=== Work item ===
Copy all lines below exactly as written. Leave pictures out.

=== Information supplied ===
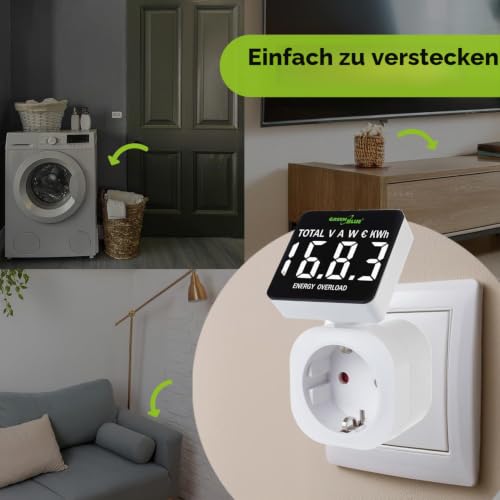 Green Blue Electricity Meter, Energy Cost Meter, Digital Wattmeter, Power Consumption Meter, Energy Meter, 16 A Max: 3680 W, Display of Consumed kWh and Energy Costs | Secondary memory (Schuko socket)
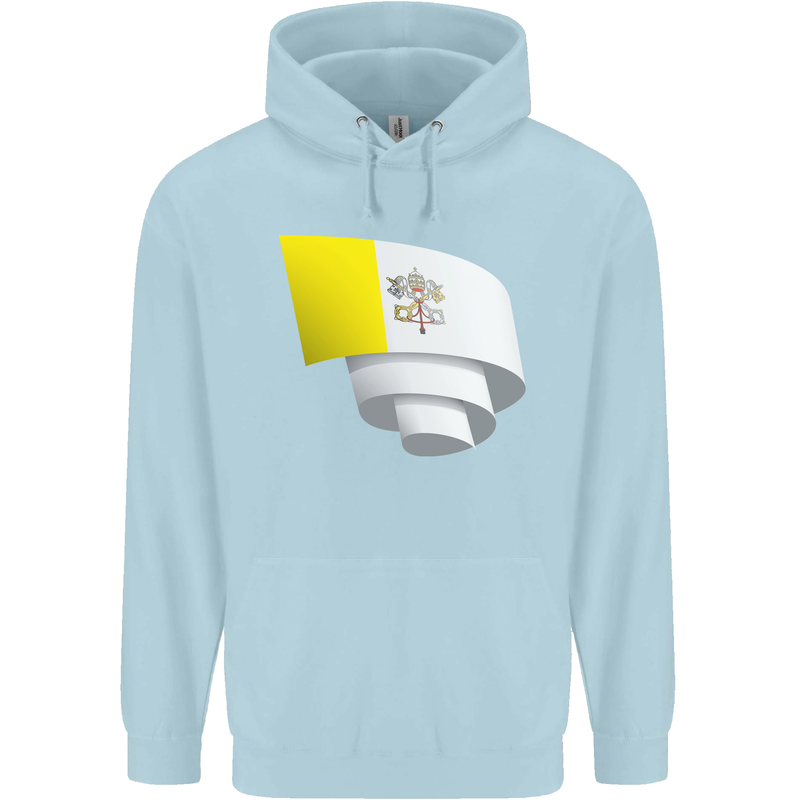 Curled Vatican Flag Childrens Kids Hoodie Light Blue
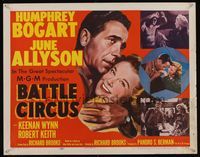 6t047 BATTLE CIRCUS style B 1/2sh '53 great artwork of Humphrey Bogart hugging June Allyson!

=== Output ===
 Green Blue Electricity Meter, Energy Cost Meter, Digital Wattmeter, Power Consumption Meter, Energy Meter, 16 A Max: 3680 W, Display of Consumed kWh and Energy Costs | Secondary memory (Schuko socket)
 Curled Vatican Flag Childrens Kids Hoodie Light Blue
 6t047 BATTLE CIRCUS style B 1/2sh '53 great artwork of Humphrey Bogart hugging June Allyson!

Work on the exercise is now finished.